**Task directions:** Lines before the one containing "加薩悲歌!暴雨淹帳篷 難民慘受困" are left out; return that line and all lines after it, exactly, through the end of the records below.
***** Available data
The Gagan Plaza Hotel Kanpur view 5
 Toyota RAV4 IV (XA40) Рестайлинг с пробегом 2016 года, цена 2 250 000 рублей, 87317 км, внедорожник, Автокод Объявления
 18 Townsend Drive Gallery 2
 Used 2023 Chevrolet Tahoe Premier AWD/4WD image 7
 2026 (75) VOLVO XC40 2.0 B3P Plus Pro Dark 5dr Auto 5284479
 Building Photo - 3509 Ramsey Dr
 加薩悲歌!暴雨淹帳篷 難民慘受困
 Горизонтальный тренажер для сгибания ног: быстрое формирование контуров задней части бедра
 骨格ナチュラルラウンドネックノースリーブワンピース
**********
**Exercise response:**
 加薩悲歌!暴雨淹帳篷 難民慘受困
 Горизонтальный тренажер для сгибания ног: быстрое формирование контуров задней части бедра
 骨格ナチュラルラウンドネックノースリーブワンピース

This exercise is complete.